▸ ABOUT THIS EXERCISE
In the entries below, find the line with "Photograph 2 –" and the line with "Brass sound bowl"; reproduce those two lines and all lines between them exactly, without pictures.

▸ Data excerpts
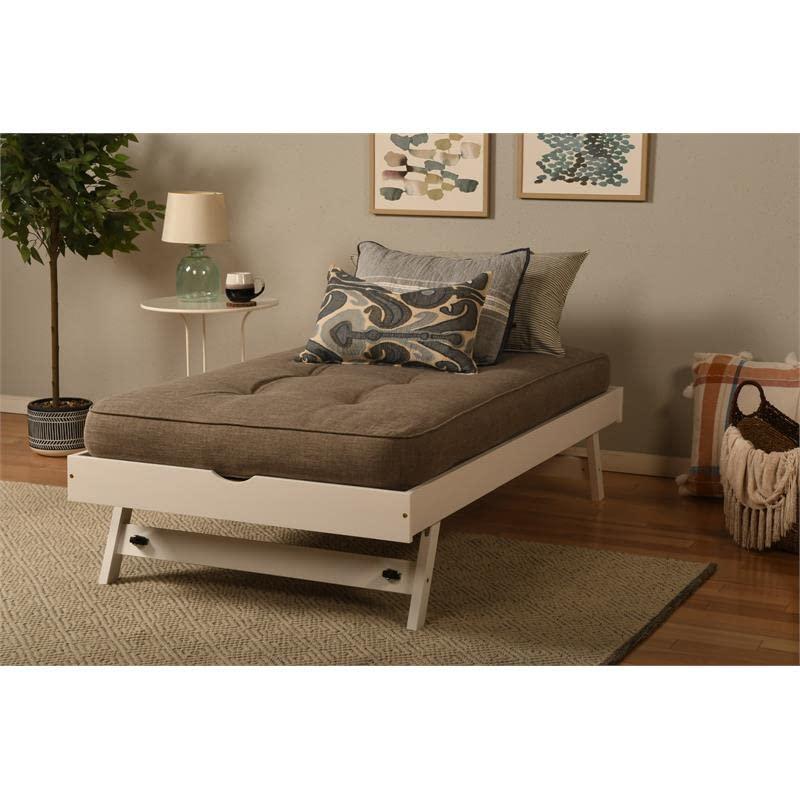 KODIAK Pop Up-White Finish-Linen Stone Mattress
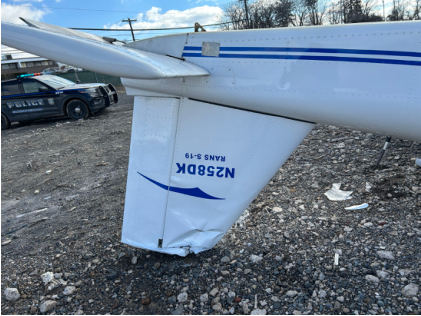 Photograph 2 – Vertical stabilizer accident damage, from the NTSB investigation of Amateur-built RANS S-19 (KIT) accident near Doylestown, Pennsylvania, February 10, 2025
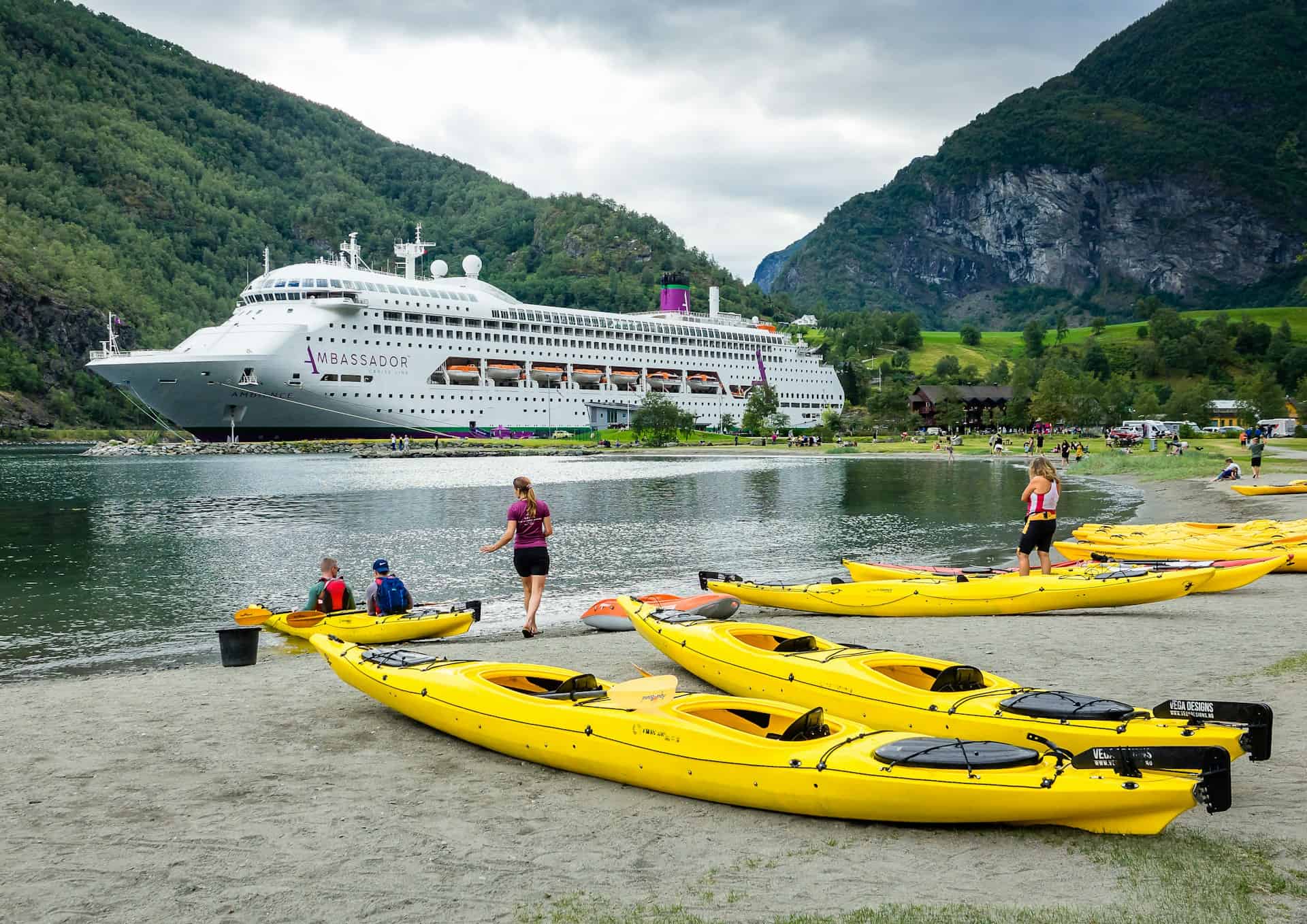 Kayaking is a popular excursion when cruising through Norwegian fjords (photo: James Armes).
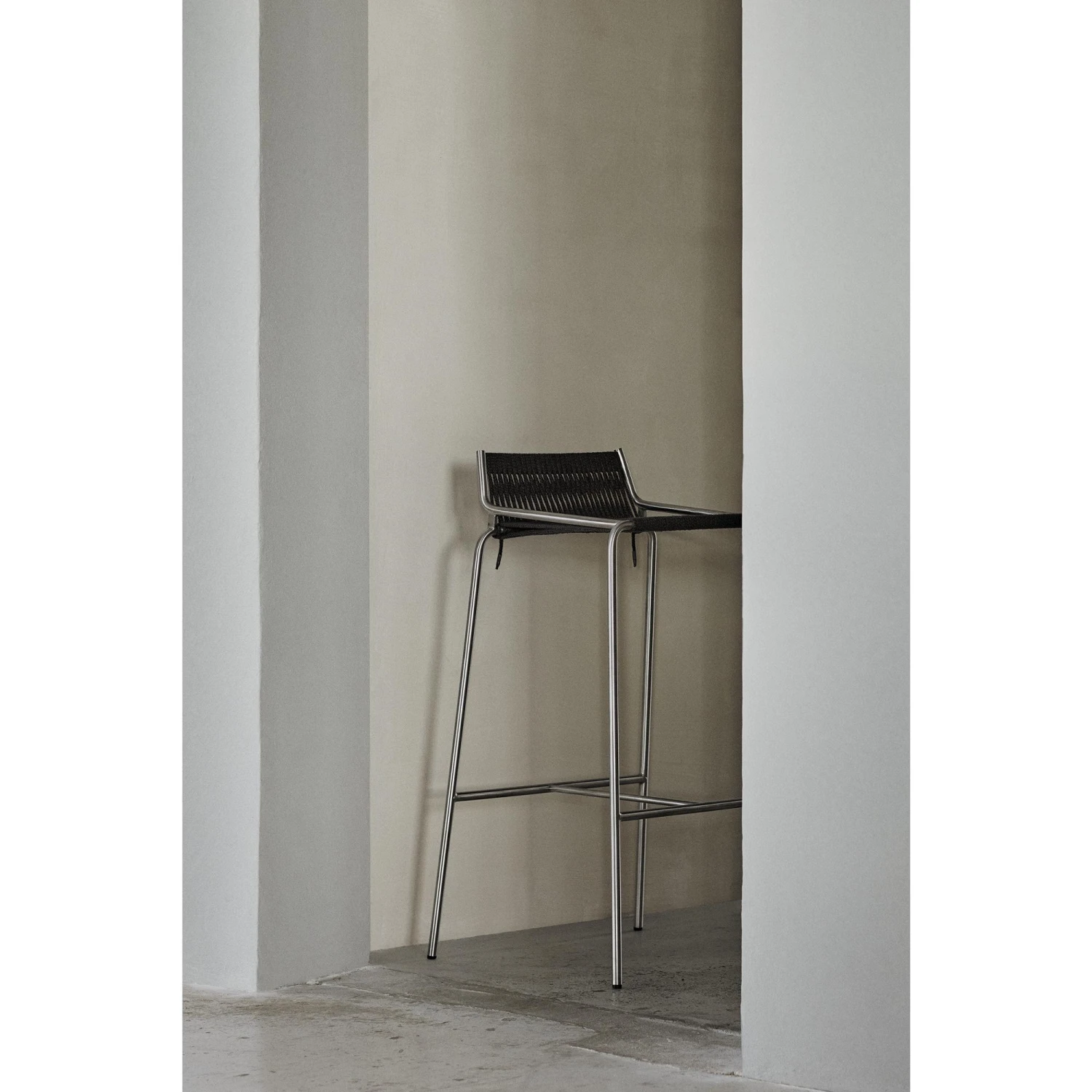 Thorup Copenhagen Noel Bar Stool Stainless Steel/ Dark Gray Wool H77 Cm - Image 4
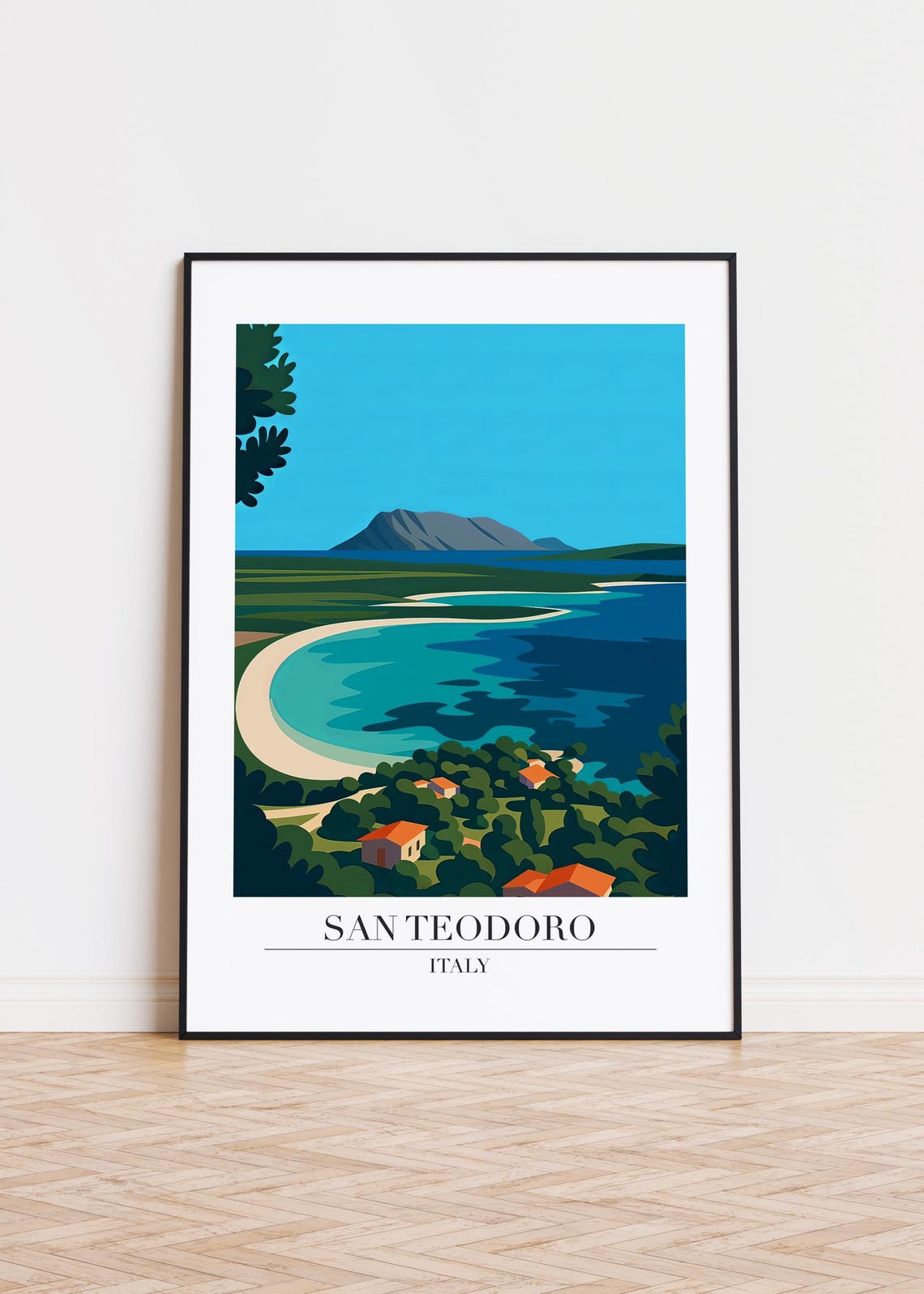 San Teodoro Italy Sardinia Coast Retro Beach Holiday Travel Poster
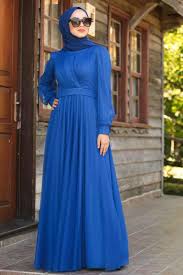 Tuay Balon Kol Sax Mavisi Tesettur Abiye Elbise 30631sx Tesetturisland Com Elbise The Dress Basortusu Modasi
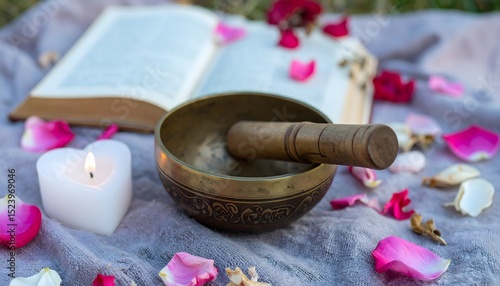 Brass sound bowl on cloth with flower high resolution photo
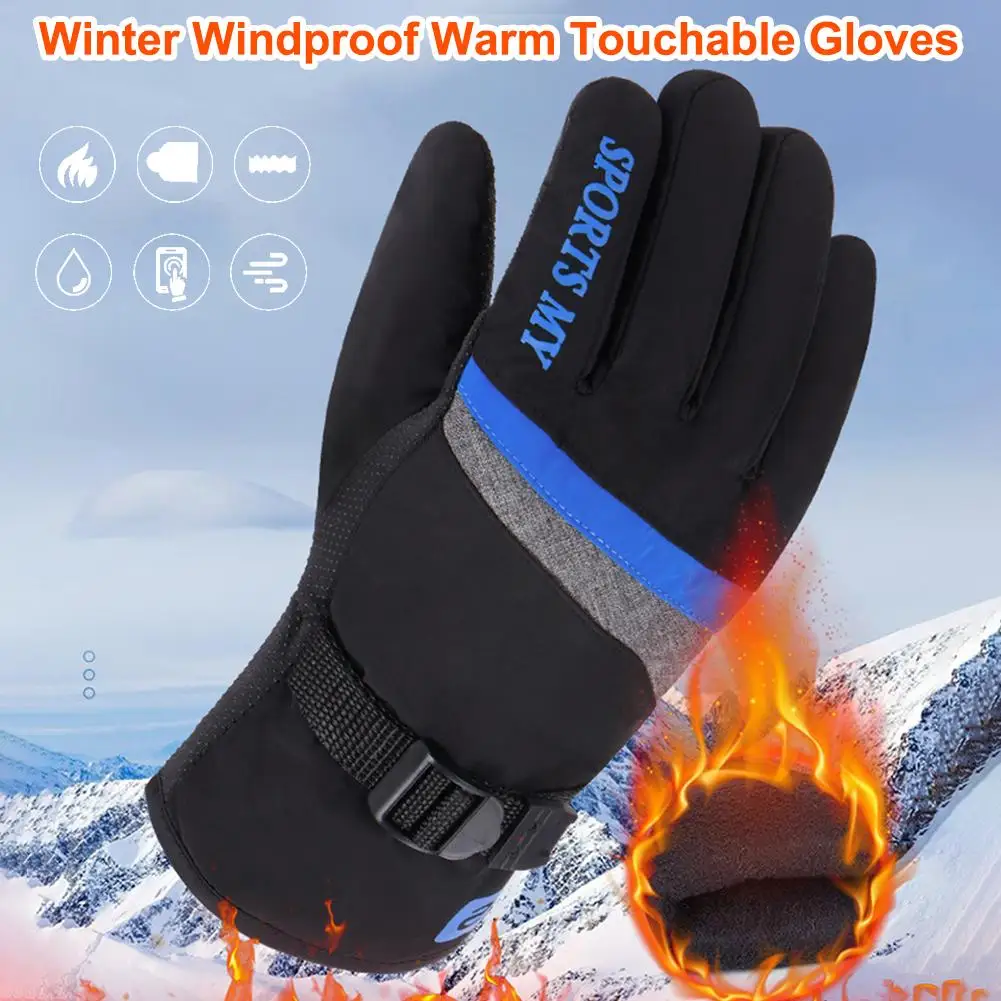 

Winter Driving Keep Warm Touch Screen Gloves Windproof Splash-proof Motorcycle Mittens Outdoor Camping Snow Skiing Gloves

▸ ANSWER SPACE
 Photograph 2 – Vertical stabilizer accident damage, from the NTSB investigation of Amateur-built RANS S-19 (KIT) accident near Doylestown, Pennsylvania, February 10, 2025
 Kayaking is a popular excursion when cruising through Norwegian fjords (photo: James Armes).
 Thorup Copenhagen Noel Bar Stool Stainless Steel/ Dark Gray Wool H77 Cm - Image 4
 San Teodoro Italy Sardinia Coast Retro Beach Holiday Travel Poster
 Tuay Balon Kol Sax Mavisi Tesettur Abiye Elbise 30631sx Tesetturisland Com Elbise The Dress Basortusu Modasi
 Brass sound bowl on cloth with flower high resolution photo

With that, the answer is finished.